It’s a pain with GC as well, coming from a C# background. It’s incredibly easy to write something that intermittently doesn’t work in weird and impossible to debug ways.


<laughs in JS>

Async is bread and butter of JS and you rarely have any larger bits of sync code, so you learn to deal with this.

And then being able to just freely pass bits of data accessing code (closures) around is such wonderful feeling that you'll miss it everywhere else you go.

I recently had a little excursion into Python and had to invent a very nasty hack to concisely keep short bits of code accessible through some constants.


Frontend or backend js? Because in the frontend everything is just scheduled to a single thread, so you only deal with concurrency, not parallelism.


In node.js backends, you also deal with a single thread only; if you want multiple CPUs, you'd need node-cluster, giving you, conceptually speaking, multiple shared-nothing single-thread environments to load-balance requests into. Technically, libuv (the C lib exposing async I/O to node) uses threads but that is hidden away from you. Multithreading in JS can't work anyway since JS doesn't have synchronization primitives, which is both a blessing (because it drastically simplifies the design space for the language ie no JVM-like happens-before constraints, atomic ops, and "synchronized" heisenbugs) and a curse (because most backend/business code doesn't benefit at all from async and its terrible debugging story, and you need to fork out into workers/isolates for even slightly CPU-heavy things).


Forget parallelism I even get race conditions in Typescript frequently because managing state is just hard. Changing state from multiple place became so hard that in one project I just used redux :p. And where redux was not helpful i use async-lock package. May be correct asynchronous programming is harder thing and is arcane knowledge. Not everybody is wizard.


It's still concurrency in Node, since there's no threads in JS.

There's the `worker_threads` (never used it though) which is like web workers in a browsers, but those work by posting messages to eachother.


I think this whole thread is about woes of asynchronous programming (concurrency) not parallelism which is another can of worms.

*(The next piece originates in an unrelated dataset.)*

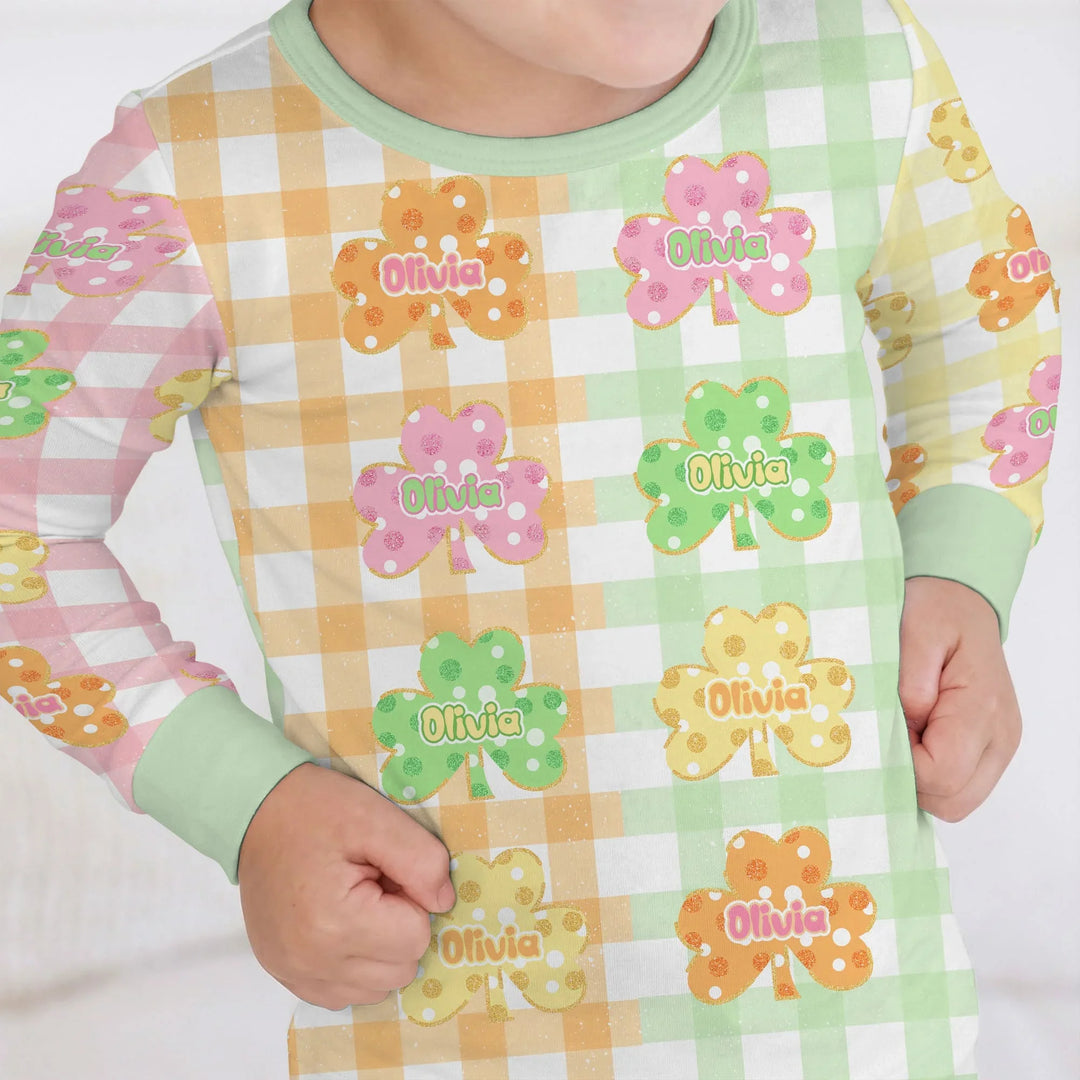 Lucky Shamrock Bamboo Two Piece Long Sleeve Pajama Set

Depends on your scheduling runtime. In Rust you can schedule everything to a single thread or to multiple threads. That could change the correctness of your asynchronous code or at least make certain bugs non-deterministic


"Modern" frontend JS is increasingly async. Yes, it's not true async, but it still has all the problems, but the benefit of not locking up the UI is worth the pain.

Even old frontend JS was async in that events could be triggered by the user at any time, and in any order, and xhr and image loads requests were async as well.


Yeah I know, but I think the gp is thinking of nasty debugging sessions that come from parallelism, not concurrency. Concurrency issues one can step through with a debugger on a single thread.


Really the only sync actions in frontend I can think of are alert() calls and page navigations.


> intermittently doesn’t work in weird and impossible to debug ways

This is my major reason for using Rust. It's far better to beat your head against a wall when you're writing than when you're debugging. In both c++ and c# it's possible to write subtly wrong code that is basically undebuggable. Often these are intermittent things that show up once every million or more runs. There's no amount of time that will satisfy you after you've run into this, even after you've fixed the problem. It's like having a stalker, you never know if they've stopped stalking you. You can lock your doors, you can buy an alarm system (eg Valgrind suite). But you won't know whether you've really solved the issue.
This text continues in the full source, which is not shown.